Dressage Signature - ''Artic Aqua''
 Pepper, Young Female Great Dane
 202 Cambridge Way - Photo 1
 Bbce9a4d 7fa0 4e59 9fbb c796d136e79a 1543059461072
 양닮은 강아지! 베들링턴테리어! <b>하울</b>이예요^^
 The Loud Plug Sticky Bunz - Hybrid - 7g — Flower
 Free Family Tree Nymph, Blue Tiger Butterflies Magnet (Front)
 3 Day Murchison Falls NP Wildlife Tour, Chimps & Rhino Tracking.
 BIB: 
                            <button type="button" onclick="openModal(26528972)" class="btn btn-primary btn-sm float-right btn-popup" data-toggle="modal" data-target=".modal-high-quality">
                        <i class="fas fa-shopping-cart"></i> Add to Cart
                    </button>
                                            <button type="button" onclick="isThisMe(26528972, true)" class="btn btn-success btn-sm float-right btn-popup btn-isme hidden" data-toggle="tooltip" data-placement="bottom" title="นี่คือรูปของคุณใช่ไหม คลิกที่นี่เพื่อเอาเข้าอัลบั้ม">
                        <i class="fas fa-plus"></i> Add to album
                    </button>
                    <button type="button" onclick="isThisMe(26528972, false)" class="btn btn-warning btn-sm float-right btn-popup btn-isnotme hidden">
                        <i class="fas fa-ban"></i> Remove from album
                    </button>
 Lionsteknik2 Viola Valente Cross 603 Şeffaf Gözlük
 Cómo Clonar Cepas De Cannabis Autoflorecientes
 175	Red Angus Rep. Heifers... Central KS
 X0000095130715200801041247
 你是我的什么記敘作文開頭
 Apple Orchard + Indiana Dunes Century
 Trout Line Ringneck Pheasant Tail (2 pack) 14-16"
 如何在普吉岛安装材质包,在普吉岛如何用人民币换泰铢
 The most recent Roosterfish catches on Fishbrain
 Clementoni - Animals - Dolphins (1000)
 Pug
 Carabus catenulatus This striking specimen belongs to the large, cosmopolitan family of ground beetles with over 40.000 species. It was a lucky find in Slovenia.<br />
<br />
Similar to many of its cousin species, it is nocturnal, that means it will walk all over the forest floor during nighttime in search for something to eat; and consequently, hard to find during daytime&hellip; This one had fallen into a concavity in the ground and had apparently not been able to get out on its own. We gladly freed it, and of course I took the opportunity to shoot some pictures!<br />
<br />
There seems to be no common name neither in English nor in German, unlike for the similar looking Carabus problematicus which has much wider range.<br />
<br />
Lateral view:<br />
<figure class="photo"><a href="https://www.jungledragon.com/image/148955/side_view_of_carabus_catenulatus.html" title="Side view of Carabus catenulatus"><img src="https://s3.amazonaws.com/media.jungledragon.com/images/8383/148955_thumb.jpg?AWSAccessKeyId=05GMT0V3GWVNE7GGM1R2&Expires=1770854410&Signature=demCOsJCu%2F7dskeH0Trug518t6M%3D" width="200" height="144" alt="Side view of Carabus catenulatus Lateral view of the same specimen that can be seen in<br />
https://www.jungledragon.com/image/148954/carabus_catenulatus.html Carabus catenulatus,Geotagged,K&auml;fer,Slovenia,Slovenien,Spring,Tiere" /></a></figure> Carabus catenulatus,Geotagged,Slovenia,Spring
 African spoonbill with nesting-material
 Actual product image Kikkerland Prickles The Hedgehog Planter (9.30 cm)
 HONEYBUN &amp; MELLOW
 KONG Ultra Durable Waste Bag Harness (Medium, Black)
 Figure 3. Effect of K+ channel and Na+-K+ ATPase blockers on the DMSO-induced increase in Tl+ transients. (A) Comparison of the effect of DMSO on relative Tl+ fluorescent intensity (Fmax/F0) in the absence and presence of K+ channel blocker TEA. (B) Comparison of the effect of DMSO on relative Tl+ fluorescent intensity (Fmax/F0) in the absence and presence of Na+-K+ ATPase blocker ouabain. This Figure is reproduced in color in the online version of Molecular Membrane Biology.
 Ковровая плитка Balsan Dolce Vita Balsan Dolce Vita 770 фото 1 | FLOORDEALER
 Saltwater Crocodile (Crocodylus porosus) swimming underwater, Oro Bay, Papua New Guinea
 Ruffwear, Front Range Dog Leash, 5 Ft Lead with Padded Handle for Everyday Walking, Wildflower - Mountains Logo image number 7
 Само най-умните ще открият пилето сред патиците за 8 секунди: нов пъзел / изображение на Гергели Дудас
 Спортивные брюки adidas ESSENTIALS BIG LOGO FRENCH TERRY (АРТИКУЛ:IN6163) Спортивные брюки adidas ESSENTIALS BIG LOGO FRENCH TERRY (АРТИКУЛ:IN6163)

════════════════

| Aim of the exercise |
Take the line above containing "如何在普吉岛安装材质包,在普吉岛如何用人民币换泰铢", the line containing "Lateral view:<br />", and all lines in between, and copy them exactly without anything else.

| Response to the exercise |
 如何在普吉岛安装材质包,在普吉岛如何用人民币换泰铢
 The most recent Roosterfish catches on Fishbrain
 Clementoni - Animals - Dolphins (1000)
 Pug
 Carabus catenulatus This striking specimen belongs to the large, cosmopolitan family of ground beetles with over 40.000 species. It was a lucky find in Slovenia.<br />
<br />
Similar to many of its cousin species, it is nocturnal, that means it will walk all over the forest floor during nighttime in search for something to eat; and consequently, hard to find during daytime&hellip; This one had fallen into a concavity in the ground and had apparently not been able to get out on its own. We gladly freed it, and of course I took the opportunity to shoot some pictures!<br />
<br />
There seems to be no common name neither in English nor in German, unlike for the similar looking Carabus problematicus which has much wider range.<br />
<br />
Lateral view:<br />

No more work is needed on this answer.